The problem: Include in the reply only the lines from the start of the data below through the line containing "Photo of Young", reproduced exactly and with no pictures.

Supplied records:
━━━

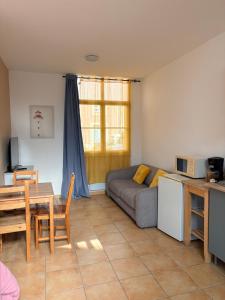 a living room with a couch and a table at Studio Soulac centre et plage in Soulac-sur-Mer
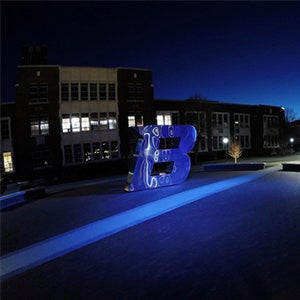 B sculpture at night
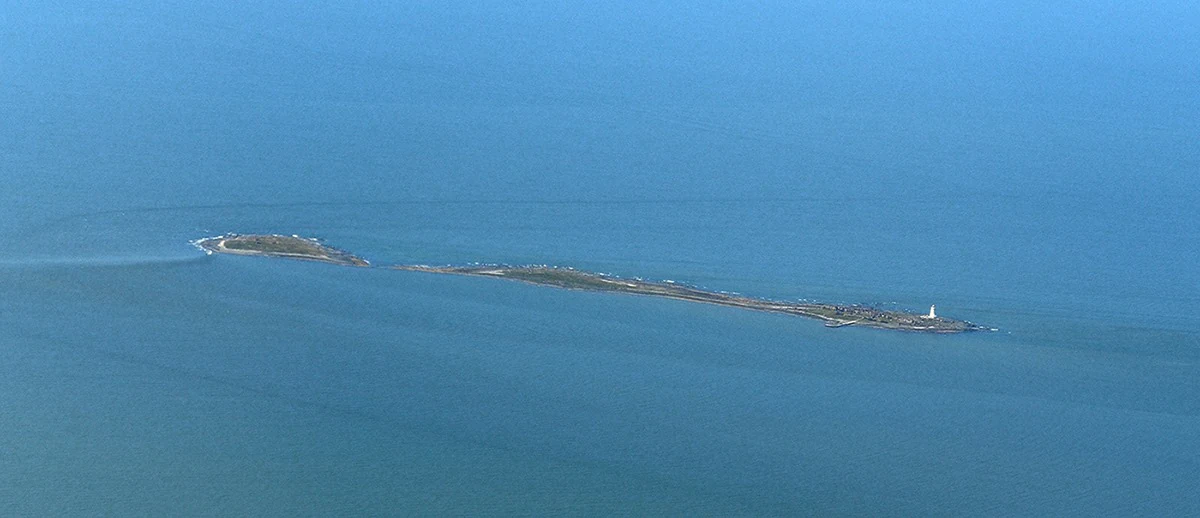 An aerial shot of the long, narrow Isla de Flores surrounded by the deep blue waters of the Rio de la Plata, with a small white lighthouse visible at one end of the island.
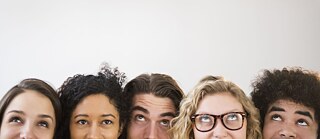 Nahaufnahme der Gesichter mehrerer, junger Leute, die alle verschmitzt nach oben sehen.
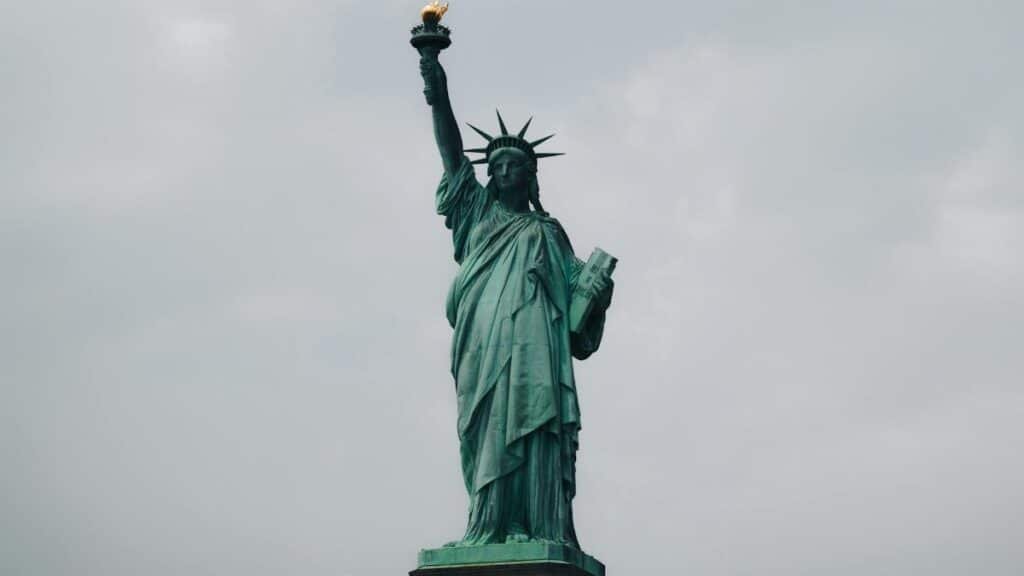 The Statue of Liberty stands tall against a cloudy sky in New York City, symbolizing freedom.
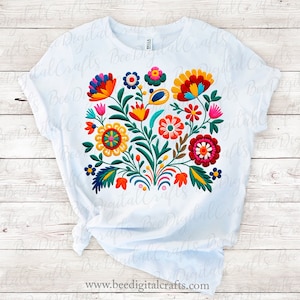 May include: White t-shirt featuring a vibrant floral design with colorful embroidered flowers in red, yellow, blue, and orange. The design includes the text "Bee Digital Crafts" at the bottom.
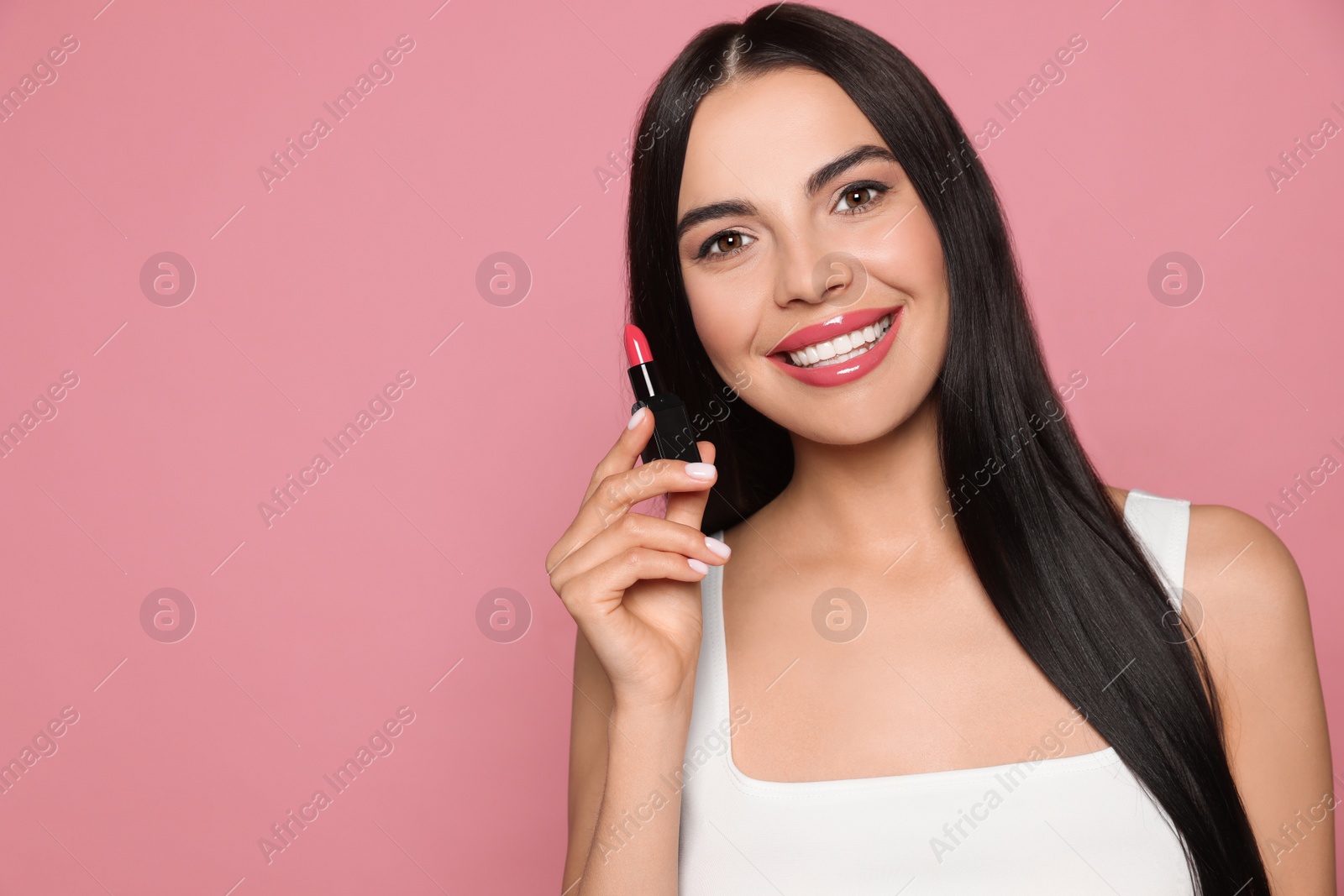 Photo of Young woman with beautiful makeup holding glossy lipstick on pink background, space for text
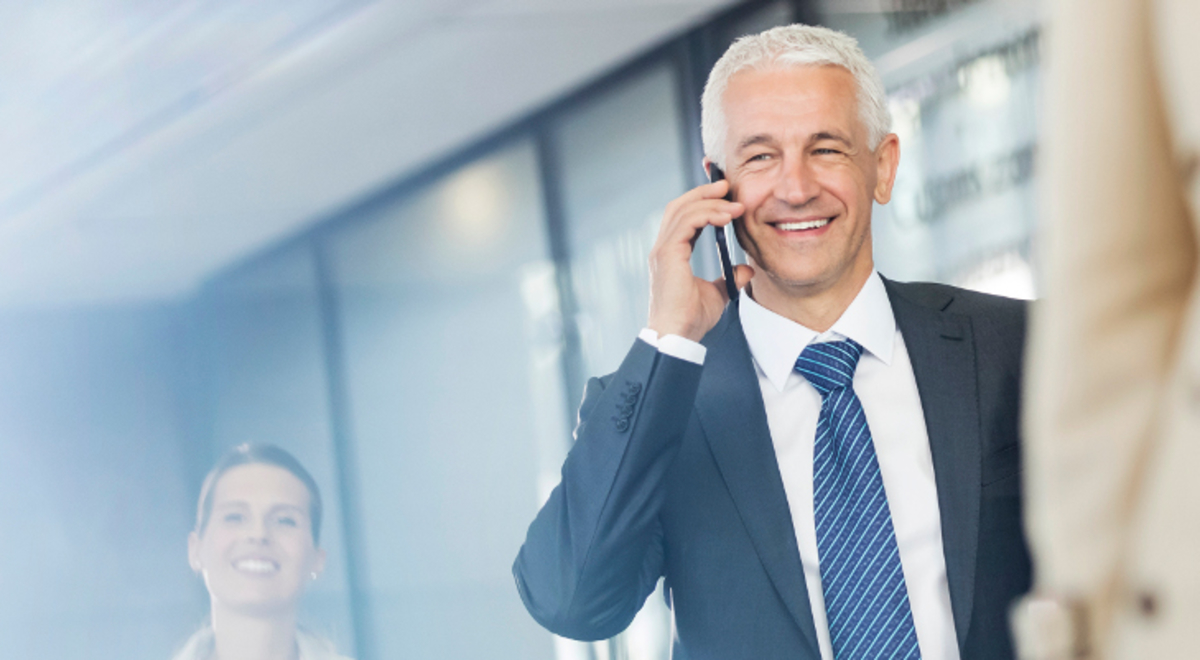 A man talking in his phone while smiling 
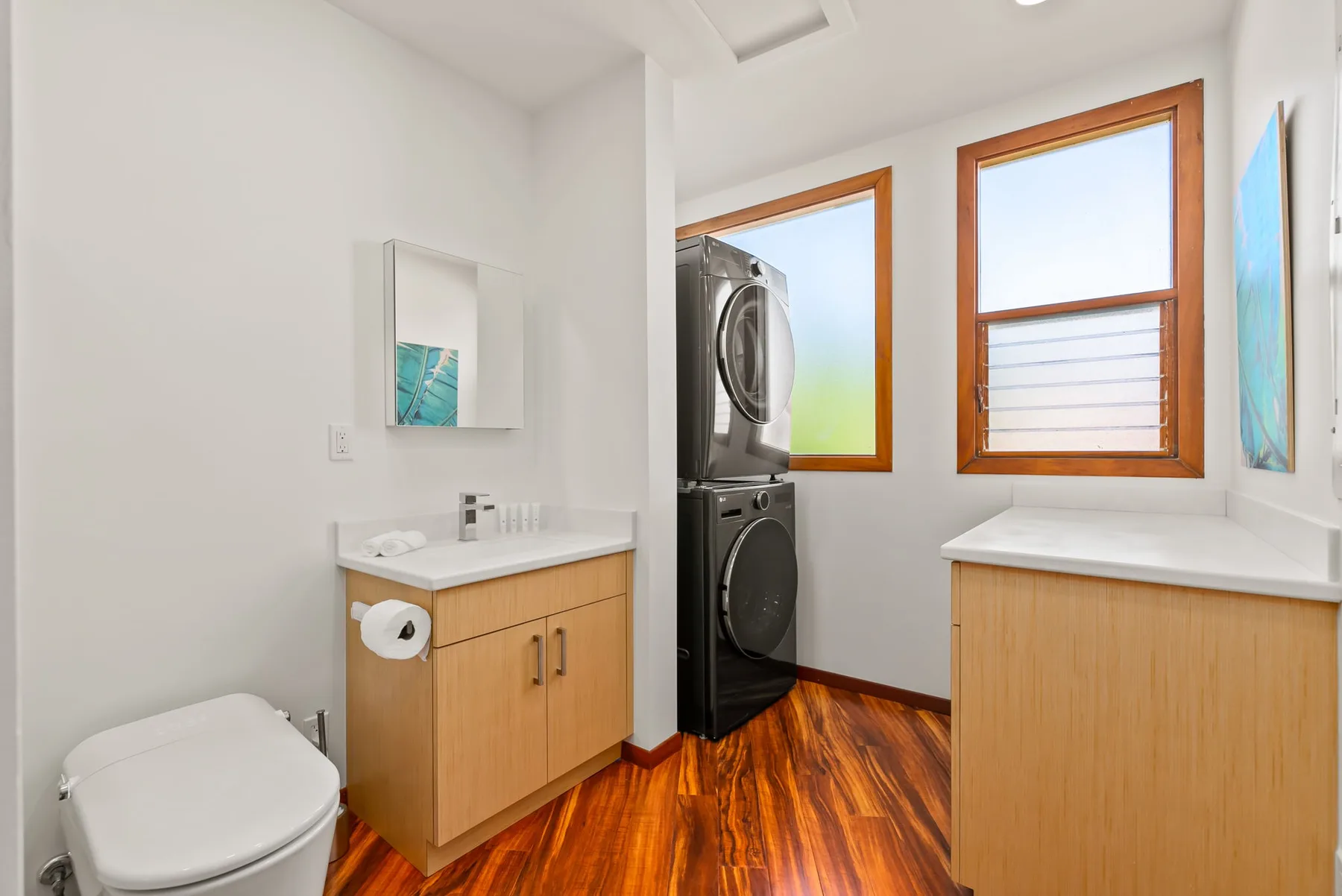 A bright laundry room with a stacked washer and dryer and wood cabinetry.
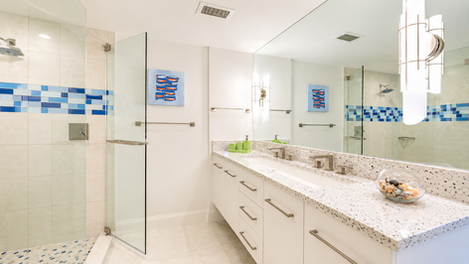 Modern white bathroom with glass shower and double vanity.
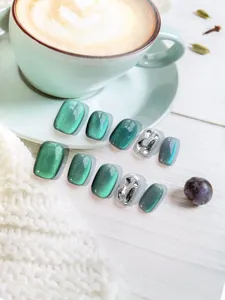 Dettaglio di unghie finte cat-eye verde smeraldo con glitter argento e strass lucidi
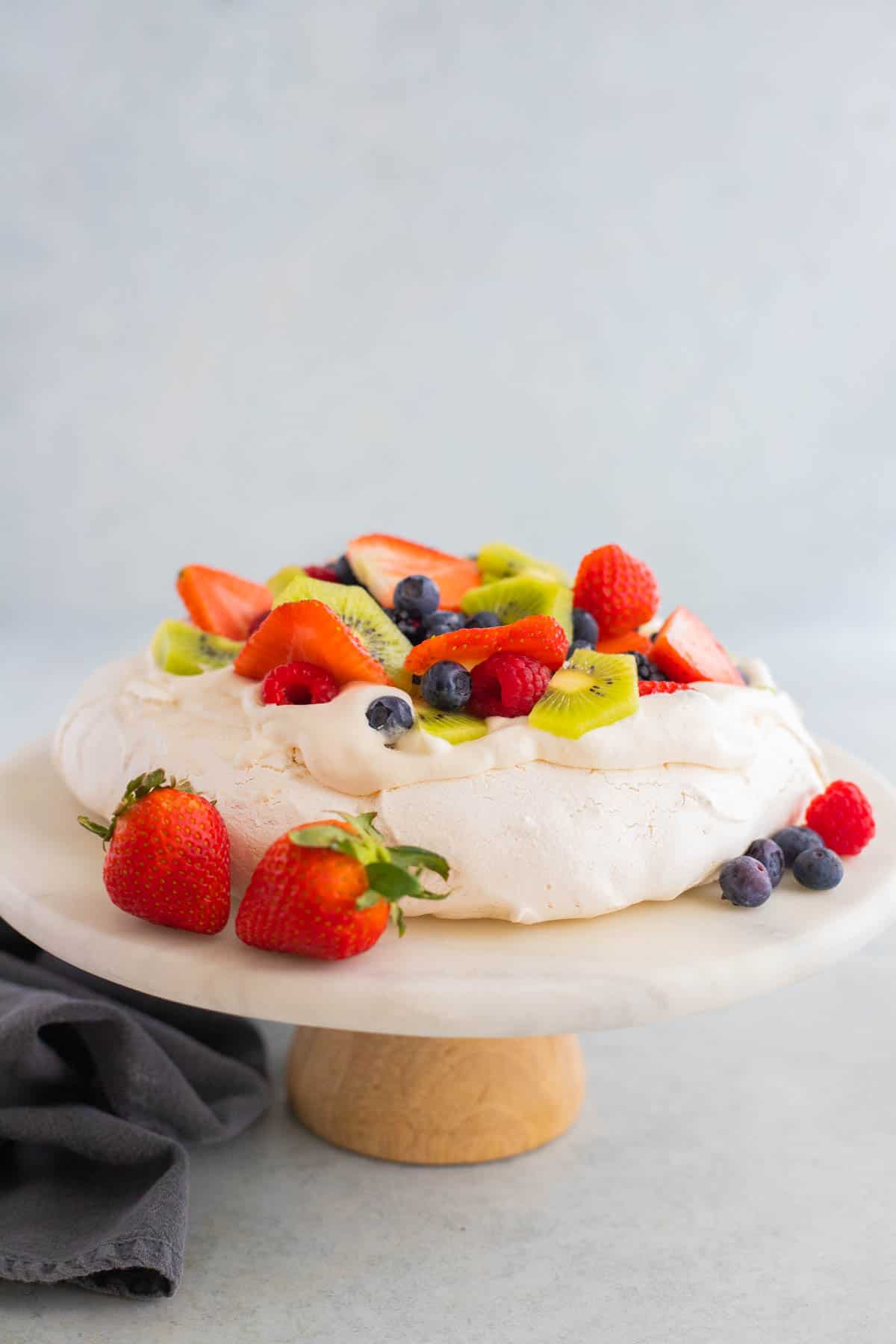 Pavlova topped with berries on a marble cake stand.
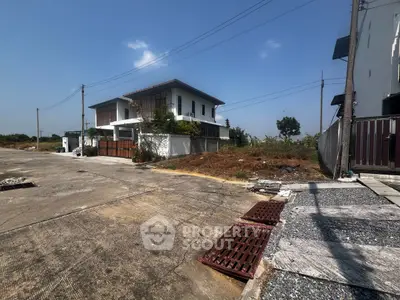 Modern two-story house with spacious driveway and clear blue sky, ideal for suburban living.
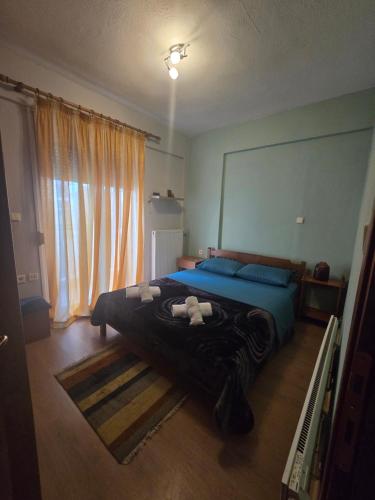 Postel nebo postele na pokoji v ubytování GiannisHouse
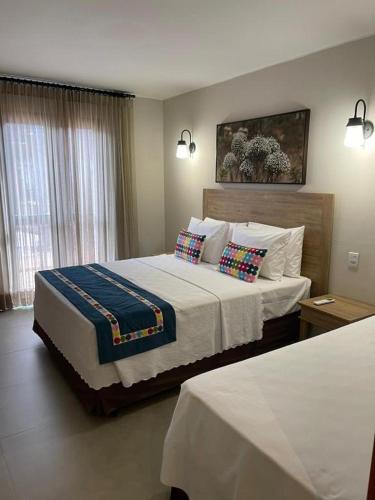 a bedroom with a large bed with two pillows at Resort Quinta Santa Barbara 30 dez 2025 a 06 jan 2026 in Pirenópolis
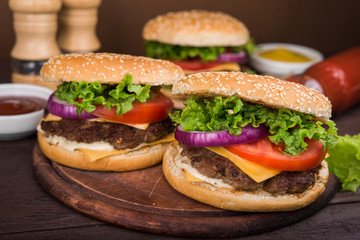 burgers on wooden table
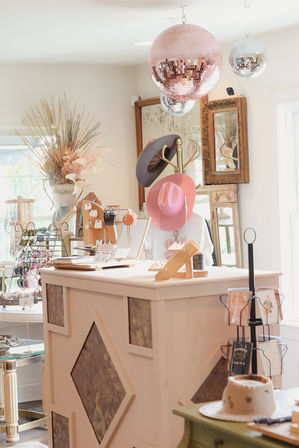 Bright pastel boutique interior with pink disco ball, hat rack, jewelry and sunglasses displays on a wooden checkout counter, dried floral arrangement and vintage mirror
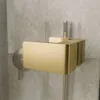 A close-up view of a gold shower handle and part of a shower cabin. Produktbild-Vorschau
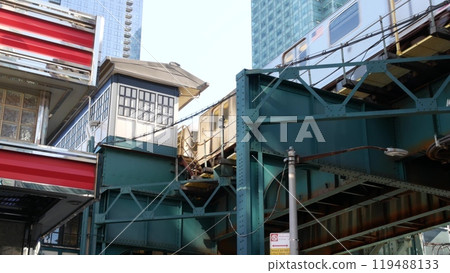 New York elevated subway, metropolitan bridge, metro track above street. Railway transport over road 119488133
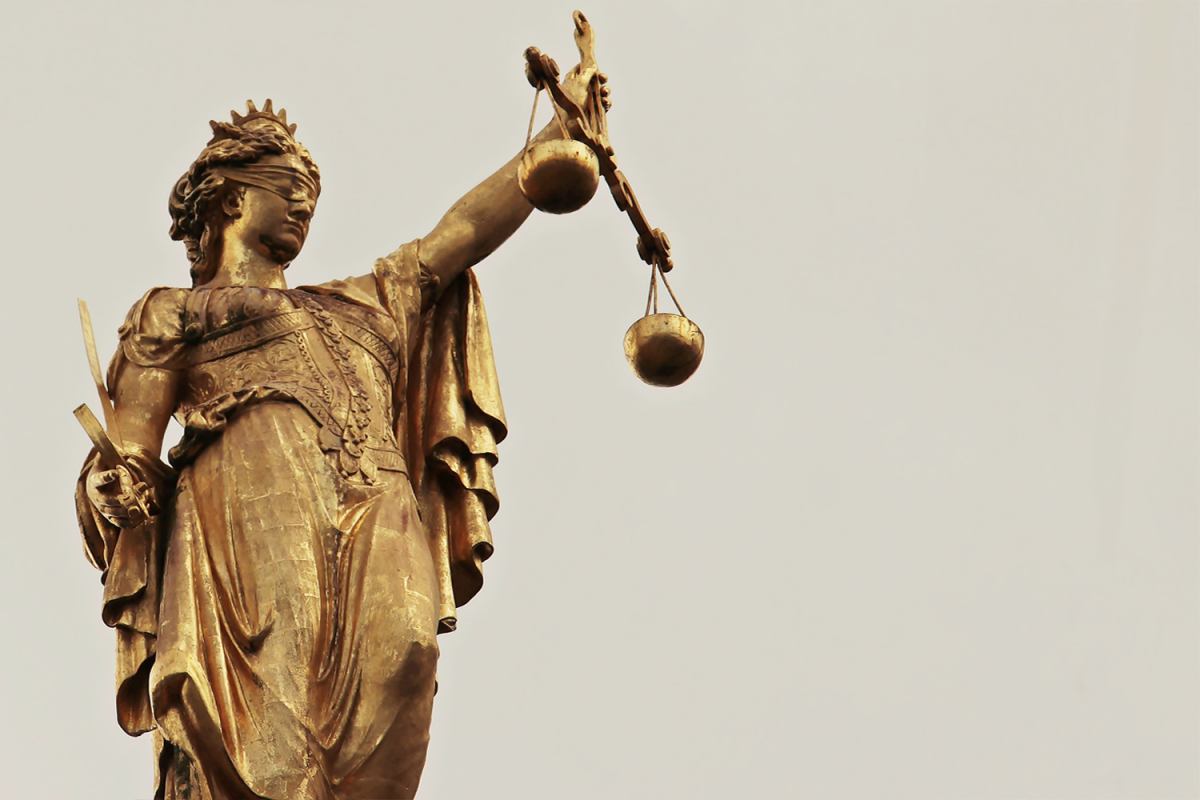Lady Justice holds a pair of scales, representing that an equal balance is guaranteed under rule of law. Similarly, the ruling against Donald Trump's tariffs signify the balance of power between the courts and the White House. 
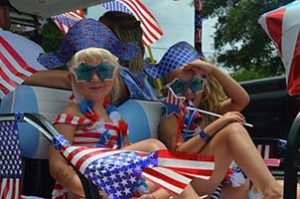 Girls dressed for July 4th on golf car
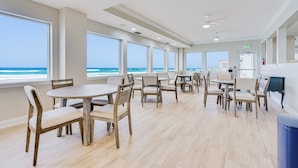 Un vaste espace dédié à la salle à manger, doté de grandes fenêtres donnant sur l’océan, de tables et de chaises en bois, ainsi que d’un ventilateur de plafond.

━━━

Reply to the exercise:
 a living room with a couch and a table at Studio Soulac centre et plage in Soulac-sur-Mer
 B sculpture at night
 An aerial shot of the long, narrow Isla de Flores surrounded by the deep blue waters of the Rio de la Plata, with a small white lighthouse visible at one end of the island.
 Nahaufnahme der Gesichter mehrerer, junger Leute, die alle verschmitzt nach oben sehen.
 The Statue of Liberty stands tall against a cloudy sky in New York City, symbolizing freedom.
 May include: White t-shirt featuring a vibrant floral design with colorful embroidered flowers in red, yellow, blue, and orange. The design includes the text "Bee Digital Crafts" at the bottom.
 Photo of Young woman with beautiful makeup holding glossy lipstick on pink background, space for text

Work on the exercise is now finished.